Second, according to the documentation, if you want SageMaker to work with a custom learn algorithm, you’ll need to build and deploy your custom docker image. Yeah, “DevOps Plumber” trade union card of GTFO, this is how we do things in the world of enterprise-level cloud computing, right? Well, maybe I am too harsh. Actually, you can start a traning job from SageMaker Studio using an entrypoint that starts the custom algorythm. to use multiple source files, you need to use the source_dir argument when setting up the Estimator, and then put your code files in the directory you specify.

Minor caveat though: if your algorithm uses a dependency outside standard GNU/SciPi set, which is almost always the case for any audio-related, you cannot provide it with the training job. Techincally, you can install this dependency on your SageMaker Studio instance and run your code there. But guess what? Since training utilises almost all of the CPU, so, after 10 mins of no heartbeats, Amazon marks the instance as dead and shuts it down. Uskomaton!

Theoretically, the manual tells you, that you could use the standard scipy utilities for reading your audio files, if they stricly comply to 44.2Khz 16bit PCM standard. I tried that, with the following:

for f in $(find ./ -name '*.wav'); do 
ffmpeg -i $f -acodec pcm_s16le -ar 44100 ${f%.wav}z.wav; 
rm $f;
mv ${f%.wav}z.wav $f;
done

That did not work, as WaveGAN kept crashing over reading input files, so I refined steps of training a GAN to be:

Build and upload your custom image to Amazon ECR
Upload raw material to S3
Start a training job either through SageMaker UI or Python API.

Notice how I’ve amended the “monitoring” step. I did it, because SageMaker’s proposed solution for monitoring is a freaking joke. Like downloading the checkpoints and examining them locally with Tensorboard? Bruuuuuuh

Using this tutorial I was able to put together a modified version of the original tensorflow docker container which I made publicly available in this repo. After a few 30 min feedback cycles, I was able to get it working.

This is where you’ll begin to realize that those “Free Tier” conditions are quite limiting. First and foremost, no GPU instances are included in free tier limits. Technically, TensorFlow supports calculation on XLA devices, and you would need to change the following in the initialisation code of WaveGAN here:

            '/device::XLA_CPU:{}'.format(prefetch_gpu_num)))

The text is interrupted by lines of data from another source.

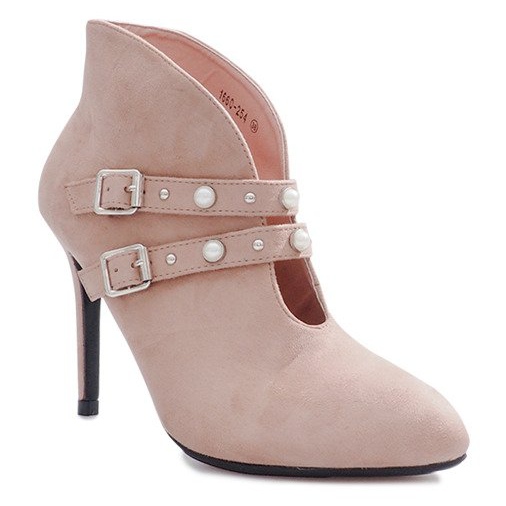 Pink boots on a Kaia high heel 1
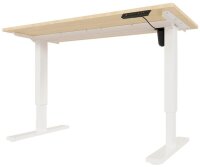 BISLEY E-StarterTech elektrisch höhenverstellbarer Schreibtisch ahorn rechteckig, T-Fuß-Gestell weiß 140,0 x 80,0 cm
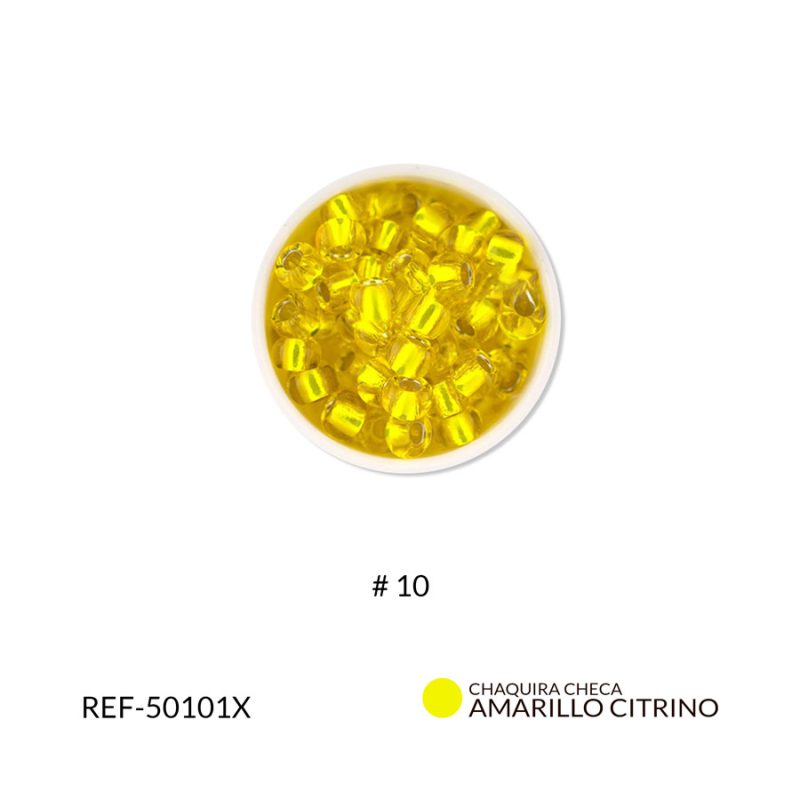 chaquira checa color centro en plata amarillo citrino #10 / paquete x 25 gramos / Ref-50101XP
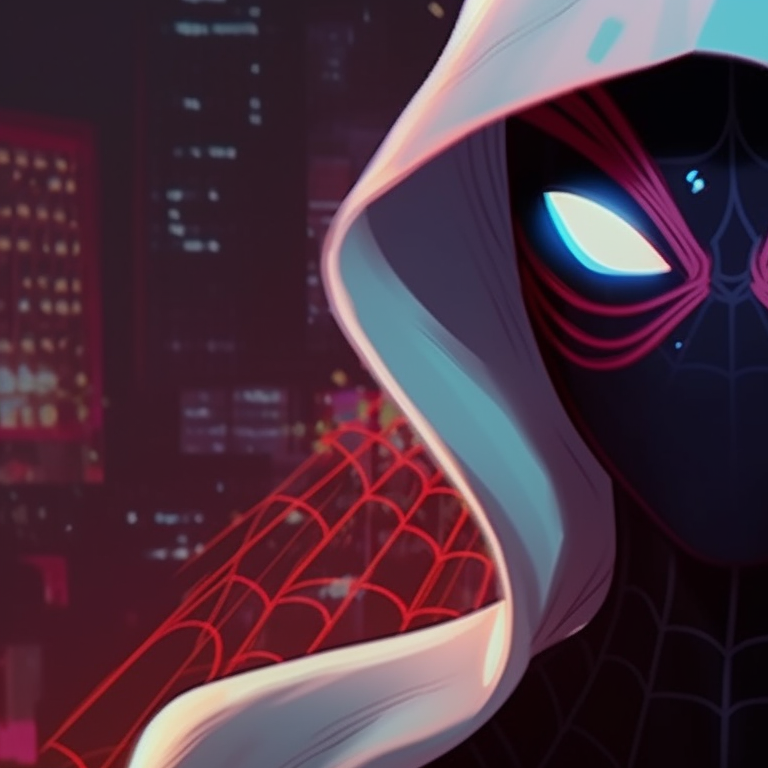 Gwen and Miles with a shadowy presence, highlighting their spider-suits and intense expressions. spider gwen halloween pfp pfp for discord.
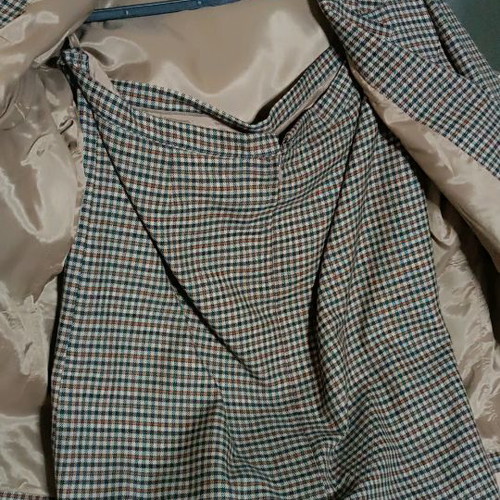 Checked suit used, classic style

Sweet, but it is still notebably slower than one would expect, I got about 720 steps overnight, versus about 2000 on a GPU instance. Maybe I should have been using the CPU version of the AWS Tensorflow image for that?
And adversities with the GPU instances do not end on their cost. They are disabled in your AWS account by default and you have to contact AWS support to get access to them. AWS support service SLA is about 24 hours, which is quite alright for an enterprise like this, but could be a real show-stopper, when you have your creative juices flowing.

What was left behind

I did not familiarize myself enough with the machine learning domain in general and Tensorflow framework specifically to take advantage of SageMaker’s distributed learnning capabilities.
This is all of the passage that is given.